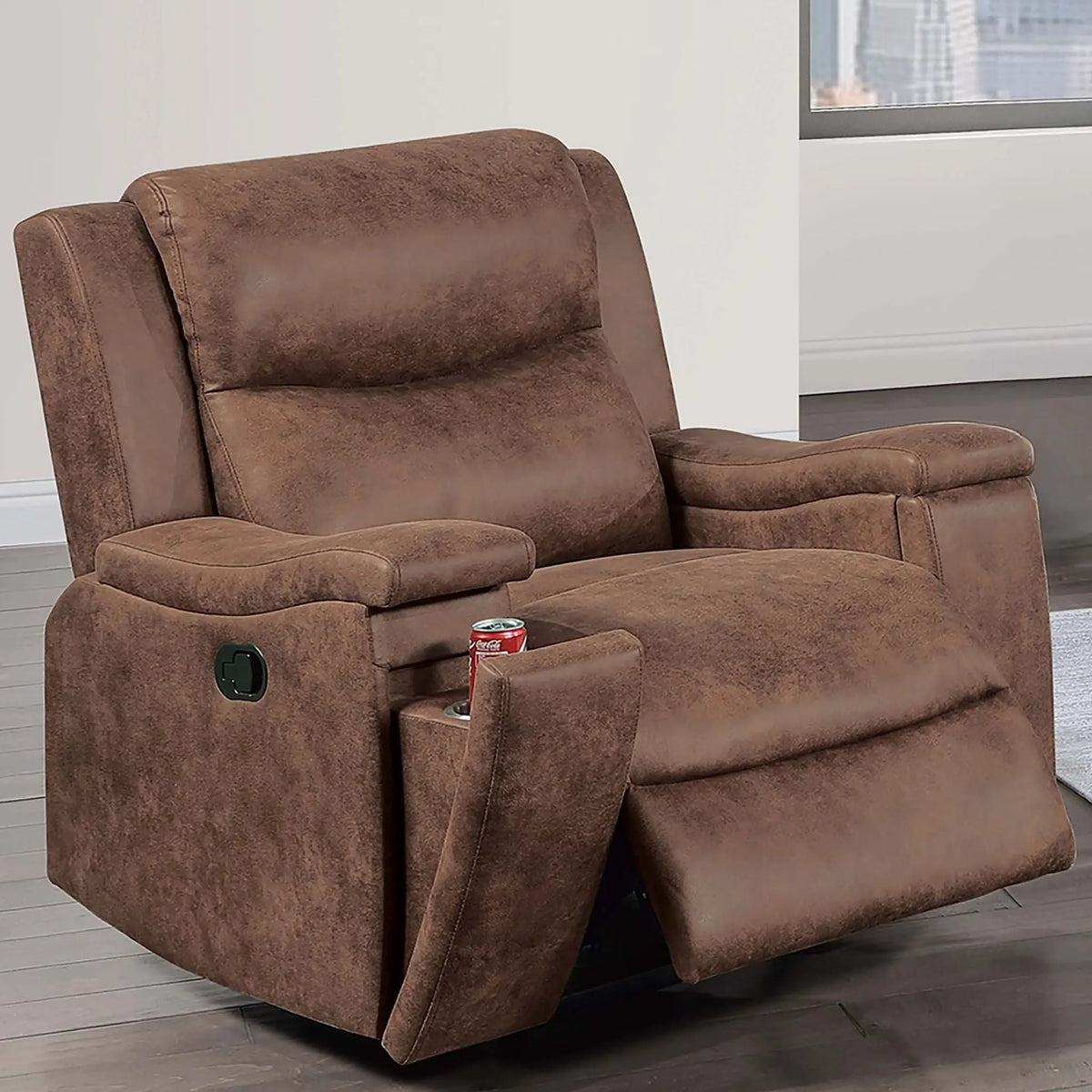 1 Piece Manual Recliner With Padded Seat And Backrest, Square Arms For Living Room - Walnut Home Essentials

...

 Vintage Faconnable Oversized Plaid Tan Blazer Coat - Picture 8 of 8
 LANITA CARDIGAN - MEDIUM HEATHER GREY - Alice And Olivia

* * *

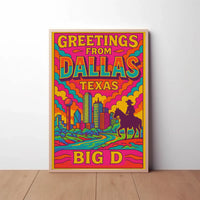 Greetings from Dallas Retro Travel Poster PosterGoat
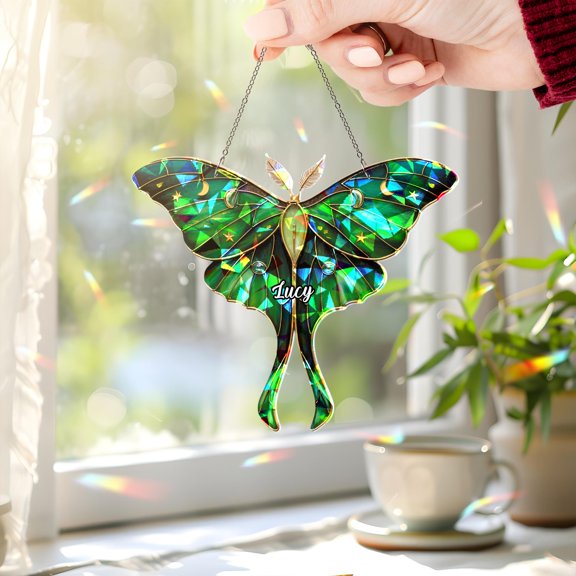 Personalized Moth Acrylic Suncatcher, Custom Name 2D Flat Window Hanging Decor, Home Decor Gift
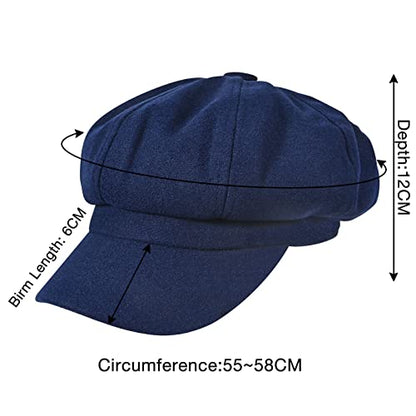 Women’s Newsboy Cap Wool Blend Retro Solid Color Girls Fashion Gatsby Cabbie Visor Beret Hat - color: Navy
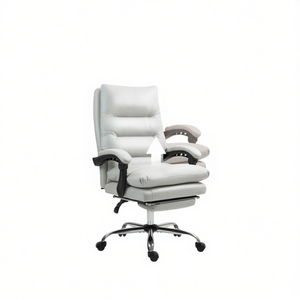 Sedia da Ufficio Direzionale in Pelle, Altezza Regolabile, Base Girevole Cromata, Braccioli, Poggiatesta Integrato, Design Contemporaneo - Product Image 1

ACTIVITY:
Within the listing above, the lines from the one with "Women’s Newsboy Cap" through the one with "Sedia da Ufficio" are to be given again word for word. Do not include pictures.

TASK OUTPUT:
 Women’s Newsboy Cap Wool Blend Retro Solid Color Girls Fashion Gatsby Cabbie Visor Beret Hat - color: Navy
 Sedia da Ufficio Direzionale in Pelle, Altezza Regolabile, Base Girevole Cromata, Braccioli, Poggiatesta Integrato, Design Contemporaneo - Product Image 1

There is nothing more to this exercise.